Records supplied:
= Beginning of Section =

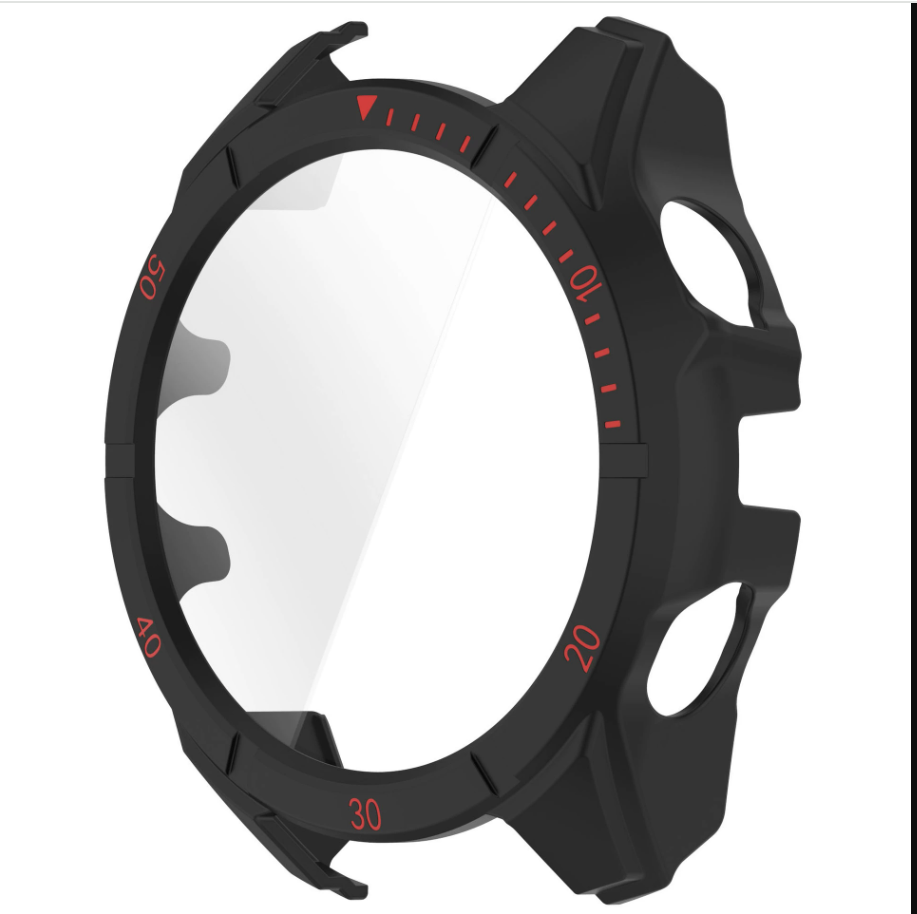 THRE For Garmin Fenix 8 Solar Glass Screen Protector Case Cover 47mm 51mm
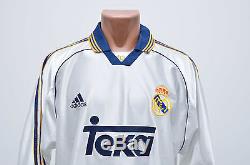 Real Madrid Spain 1998/1999/2000 Home Football Shirt Jersey Adidas Guti #14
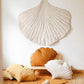 Velvet Cream Ginkgo Leaf Mat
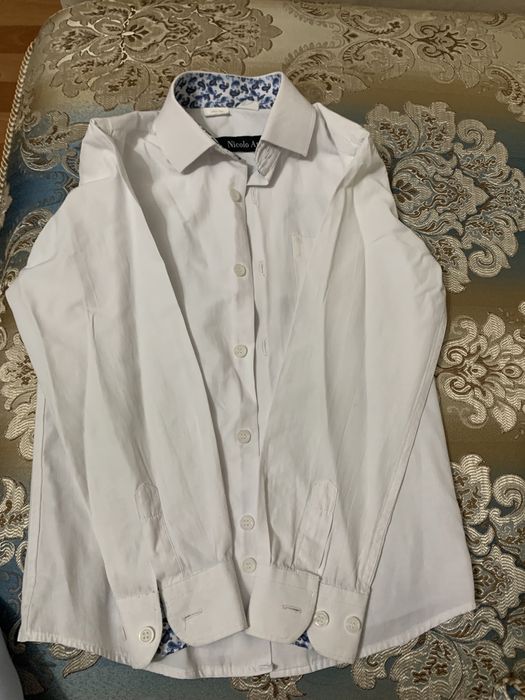 Продам б.у Школьная форма комплект, темно синего цвета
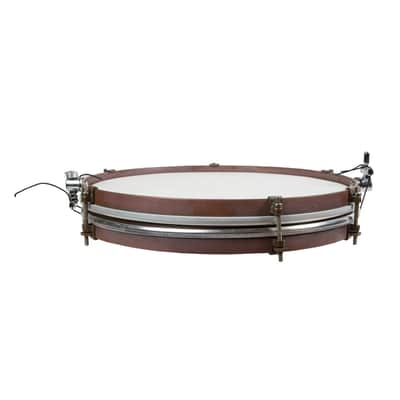 A&F Drum Co. 14” Brass Pancake Snare - Raw Patina image 4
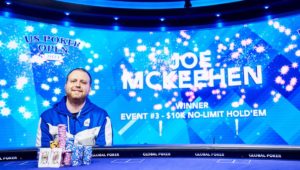 US Poker Open: Joe McKeehen trionfa in carrozza e shippa con un doppio out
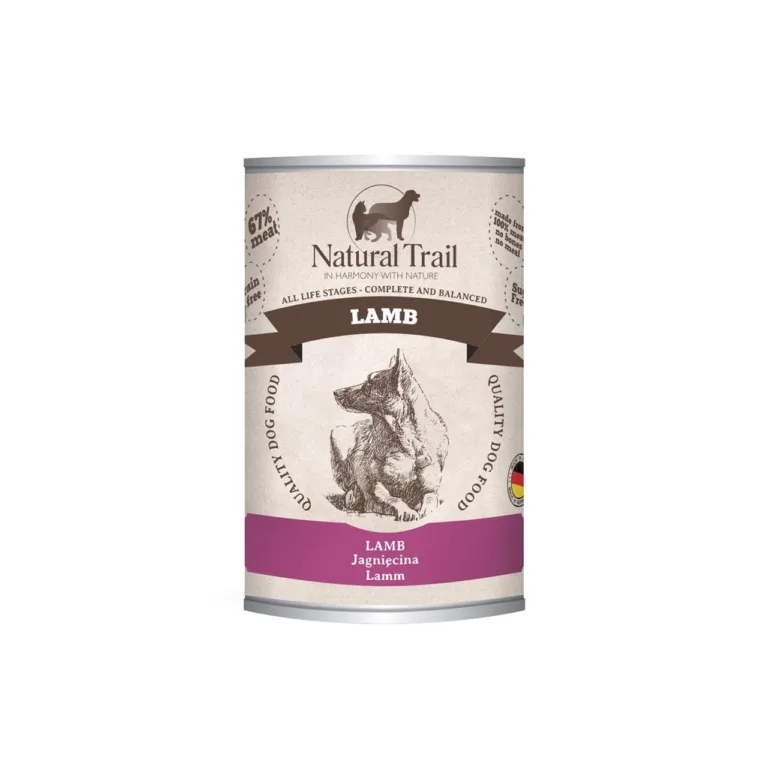 Natural Trail lambaliha märgtoit koertele 400g purk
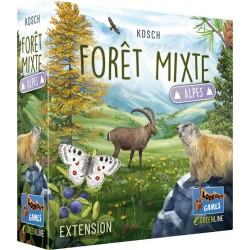 Forêt mixte : Extension Alpes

= End of Section =

Description of the task: Skipping the pictures, output the entries exactly as they appear above.

Solution for this problem:
 THRE For Garmin Fenix 8 Solar Glass Screen Protector Case Cover 47mm 51mm
 Real Madrid Spain 1998/1999/2000 Home Football Shirt Jersey Adidas Guti #14
 Velvet Cream Ginkgo Leaf Mat
 Продам б.у Школьная форма комплект, темно синего цвета
 A&F Drum Co. 14” Brass Pancake Snare - Raw Patina image 4
 US Poker Open: Joe McKeehen trionfa in carrozza e shippa con un doppio out
 Natural Trail lambaliha märgtoit koertele 400g purk
 Forêt mixte : Extension Alpes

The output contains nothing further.